OBJECTIVE: To construct the p27 protein of simian D-type retrovirus, and establish a flow immunofluorescence microsphere detection technology for the detection of simian D-type retrovirus.
Methods: The p27 gene fragment was amplified by PCR, ligated with pGEX-4T-1 expression vector, and transformed into BL21 (DE3) for expression. The form of protein expression and the optimal induction time were analyzed by SDS-PAGE. The target protein was purified by GST resin, coated with magnetic beads, and a flow-type immunofluorescence microsphere detection technology was established for the detection of clinical samples.

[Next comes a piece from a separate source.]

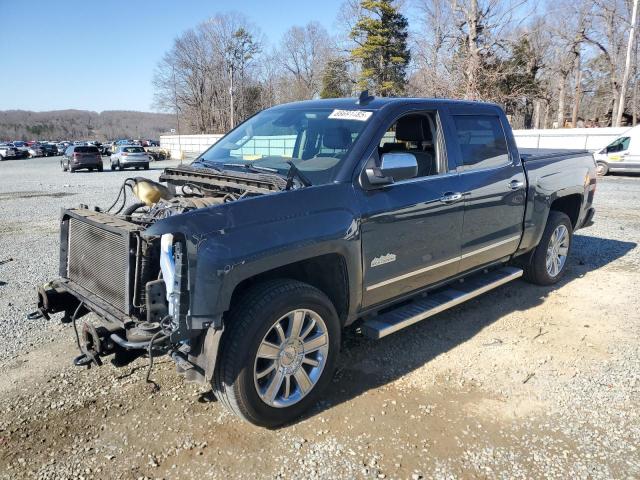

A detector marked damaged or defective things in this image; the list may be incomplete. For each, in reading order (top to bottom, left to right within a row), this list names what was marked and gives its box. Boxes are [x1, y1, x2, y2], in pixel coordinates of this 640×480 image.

damaged chevrolet silverado [33, 94, 596, 428]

RESULTS: The recombinant protein was expressed in soluble supernatant, and the optimal induction time was 4 h. After coating the magnetic beads, the flow-type immunofluorescence microsphere detection technology was successfully established. The positive serum can still be detected as positive when diluted 81 times. It has no cross-reaction with the positive serum of other monkey pathogens, and has strong specificity. Twenty-four clinical samples were tested, of which 3 samples were positive for flow immunofluorescence microspheres, 2 were positive for ELISA, and 1 was negative. The coincidence rate of the two methods was 96%.

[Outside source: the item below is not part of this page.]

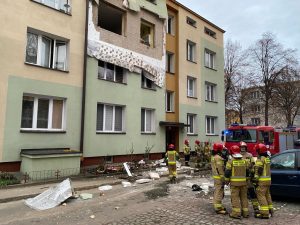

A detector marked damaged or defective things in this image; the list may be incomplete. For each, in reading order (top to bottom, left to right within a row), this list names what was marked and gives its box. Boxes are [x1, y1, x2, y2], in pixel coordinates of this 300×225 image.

broken window frame [25, 30, 68, 71]
broken window frame [21, 94, 65, 130]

Conclusion: The monkey D-type retrovirus p27 protein was successfully expressed, and the protein was used to establish a flow-based immunofluorescence microsphere detection technology with high sensitivity, strong specificity, and less sample requirements, which was used for the subsequent promotion and application of multiple flow-based immunofluorescence microspheres. Detection technology laid the foundation.